In the latest issue of the Journal of Economic Perspectives, the journal has gone all-in on YIMBY with a three-paper symposium on housing. The second paper is about changes in rates of homeownership and benefits and costs of homeownership. The first and third papers, though, are both basically making the same point: housing is way too expensive in many productive US cities, mainly because of excessive restrictions on building new housing stock, and allowing more housing supply is the best way to solve the problem.

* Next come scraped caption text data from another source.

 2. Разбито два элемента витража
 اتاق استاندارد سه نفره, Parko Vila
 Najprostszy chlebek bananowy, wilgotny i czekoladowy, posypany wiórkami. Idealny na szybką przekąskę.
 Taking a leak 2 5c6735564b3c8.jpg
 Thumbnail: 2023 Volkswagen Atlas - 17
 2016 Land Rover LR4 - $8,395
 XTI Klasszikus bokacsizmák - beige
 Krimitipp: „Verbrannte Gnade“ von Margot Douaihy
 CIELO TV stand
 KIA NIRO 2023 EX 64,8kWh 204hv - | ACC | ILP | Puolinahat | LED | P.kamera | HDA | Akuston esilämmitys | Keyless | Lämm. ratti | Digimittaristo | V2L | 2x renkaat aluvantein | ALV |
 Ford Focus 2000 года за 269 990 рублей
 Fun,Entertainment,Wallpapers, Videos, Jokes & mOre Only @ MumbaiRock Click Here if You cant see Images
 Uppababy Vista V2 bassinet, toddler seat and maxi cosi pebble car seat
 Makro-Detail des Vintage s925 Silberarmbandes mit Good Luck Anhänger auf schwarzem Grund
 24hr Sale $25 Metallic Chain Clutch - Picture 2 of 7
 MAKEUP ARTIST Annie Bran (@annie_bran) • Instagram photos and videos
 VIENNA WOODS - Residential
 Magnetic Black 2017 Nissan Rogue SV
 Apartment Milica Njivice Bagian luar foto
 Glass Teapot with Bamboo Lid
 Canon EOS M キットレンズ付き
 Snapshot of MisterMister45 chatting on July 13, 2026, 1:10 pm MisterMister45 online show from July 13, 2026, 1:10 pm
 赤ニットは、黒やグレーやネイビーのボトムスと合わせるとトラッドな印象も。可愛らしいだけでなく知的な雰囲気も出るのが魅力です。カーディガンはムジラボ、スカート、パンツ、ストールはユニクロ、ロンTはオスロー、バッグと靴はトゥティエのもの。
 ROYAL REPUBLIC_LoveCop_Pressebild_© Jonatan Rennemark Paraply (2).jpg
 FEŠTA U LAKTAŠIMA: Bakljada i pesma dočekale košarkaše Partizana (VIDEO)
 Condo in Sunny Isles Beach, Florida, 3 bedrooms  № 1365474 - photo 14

This is the basic hypothesis behind the YIMBY movement - which stands for "yes in my backyard", in contrast with the more familiar NIMBY movement: "not in my backyard". There are local YIMBY organizations popping up all over the country, especially in the cities with very high housing costs like the Bay Area and New York. YIMBY-ites attend local zoning board meetings and argue for loosening housing restrictions, which puts them at odds with some traditional urban/liberal/environmentalist types who for a long time have believed that excessive development is bad for the economy and bad for the environment.
There's a great argument to be made though that restrictions on high-density urban development are pretty terrible for the environment since they shift people away from living in the city - where people are generally more energy-efficient - and into the suburbs. Ed Glaeser made this point several years ago:
In much of the country, cars are the biggest carbon emitters, and density determines driving. Households in areas with more than 10,000 people per square mile average 687 gallons of gas per year, while households in areas with fewer than 1,000 people per square mile average 1,164 gallons of gas per year.
Glaeser is also the co-author of the first paper in the JEP symposium, which nicely summarizes the potential efficiency gains of increased urban development and the political obstacles:
The available evidence suggests, but does not definitively prove, that the implicit tax on development created by housing regulations is higher in many areas than any reasonable negative externalities associated with new construction. Consequently, there would appear to be welfare gains from reducing these restrictions. But in a democratic system where the rules for building and land use are largely determined by existing homeowners, development projects face a considerable disadvantage, especially since many of the potential beneficiaries of a new project do not have a place to live in the jurisdiction when possibilities for reducing regulation and expanding the supply of housing are debated.
The other article on housing supply reinforces this view. Startling (to me) was the fact that the US spends more than twice as much subsidizing homeowners (more typically non-dense, suburban, middle or upper class) than it does subsidizing renters (more typically dense, urban, middle or lower class).
But remember that the federal government spends far more on subsidies for homeowners than it does on subsidies for renters, this in the form of the mortgage interest deduction ($71 billion), the deduction for real estate taxes ($31.4 billion), and the tax exclusion on capital gains from housing ($24.1 billion). Taken together, these numbers from 2015 totaled more than double the combined costs of support for low-income non-homeowners like Section 8 housing vouchers ($29 billion), the low-income housing tax credit ($7.6 billion), public housing ($6.5 billion), and accelerated depreciation ($4.7 billion), which is a tax benefit for rental apartment owners who use federal low-income tax credits.
[BTW While both of these articles focus on the efficiency losses of housing restrictions and the huge potential productivity gains of eliminating them, the effect of the restrictions on the environment is only mentioned in passing.]